The concern arises when self-custody — the most transparent and empowering part of the ecosystem — is misunderstood or treated with suspicion
How do you view the current trends in crypto regulation across Europe? Many lawmakers treat self-custody as something «dangerous» or even suspicious. Do you think this segment will eventually be regulated?
We’re seeing a growing regulatory focus on crypto across Europe, and that in itself isn’t a bad thing. Clear rules can help protect consumers and create a more stable environment for innovation. But the concern arises when self-custody — the most transparent and empowering part of the ecosystem — is misunderstood or treated with suspicion.
Self-custody doesn’t mean hiding or avoiding responsibility. On the contrary, it’s about taking full ownership — something that aligns with many of the EU’s own digital sovereignty principles. Unfortunately, because it operates outside of traditional financial intermediaries, it’s sometimes seen as harder to regulate, and therefore «risky» by default.
Whether or not self-custody will be regulated directly remains to be seen. What’s important is that regulators distinguish between different types of actors in the space — and recognize that tools like Trezor are designed to remove reliance on third parties, not enable abuse.
At Trezor, we’re open to dialogue and support smart regulation — but we also believe it’s crucial to preserve the individual’s right to hold and manage their own assets, independently and securely.
Despite the war, Ukraine remains one of the most active countries in terms of crypto adoption. Do you have any plans or initiatives aimed at the Ukrainian community?
We don’t currently run market-specific campaigns in Ukraine, but we engage with the local community through media and conferences. During the war, we donated over €1 million in bitcoin to support humanitarian aid for Ukrainians.

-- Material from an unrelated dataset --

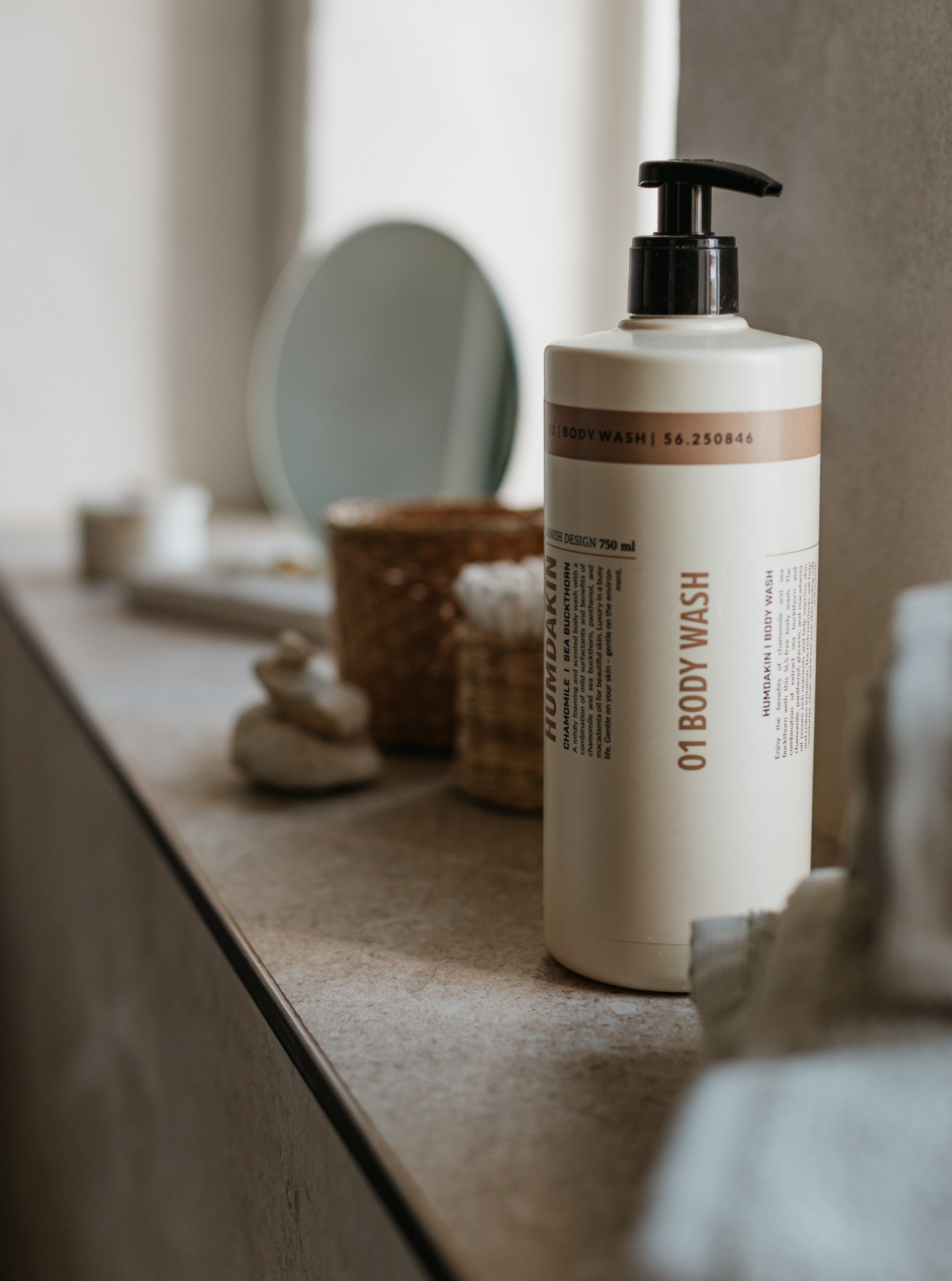 HUMDAKIN 01 Body Wash 750 ml. - Kamille & Duindoorn Haar- en Lichaamsverzorging 00 Neutraal/Ne kleur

No one can claim «quantum-proof» protection today
Recently, Trezor introduced its new device, the Trezor Safe 7. It is stated that it is already equipped with technologies designed to counter future quantum threats. What exactly does this mean and how is it implemented? And what other features does the new wallet have?
Quantum computing is still a developing field, but at Trezor we believe in staying ahead of the curve — especially when it comes to long-term security. With Trezor Safe 7, we’ve laid the groundwork for future resilience by supporting key generation based on SLIP-21, a standard that’s compatible with emerging quantum-resistant cryptographic schemes.
This doesn’t mean we’re claiming «quantum-proof» protection today — no one can. But it does mean that once the time comes to adopt quantum-safe algorithms, users won’t need to migrate to new hardware. Their Trezor Safe 7 will already be ready.
Beyond that, the device includes several upgrades focused on usability and accessibility. It’s our first hardware wallet with a large color touchscreen and wireless connectivity. It also ships with the auditable TROPIC01 secure element — a custom chip that allows both strong physical protection and open verification, something that’s traditionally been mutually exclusive in this space.
The goal with Trezor Safe 7 wasn’t just to add more features — it was to remove friction for users, while staying true to the principles of open-source, transparent, and independent self-custody.
Everyone seems to be talking about AI right now. Do you plan to integrate AI-driven solutions into Trezor’s operations or products?
Absolutely — AI is becoming as foundational today as the internet was two decades ago. Ignoring its potential would be shortsighted. At Trezor, we’re already using AI across multiple areas: from programming and content creation to research and customer support. It’s a powerful tool that helps us work more efficiently, but we remain mindful of where and how we use it — especially when it comes to privacy and security, which are core to our mission.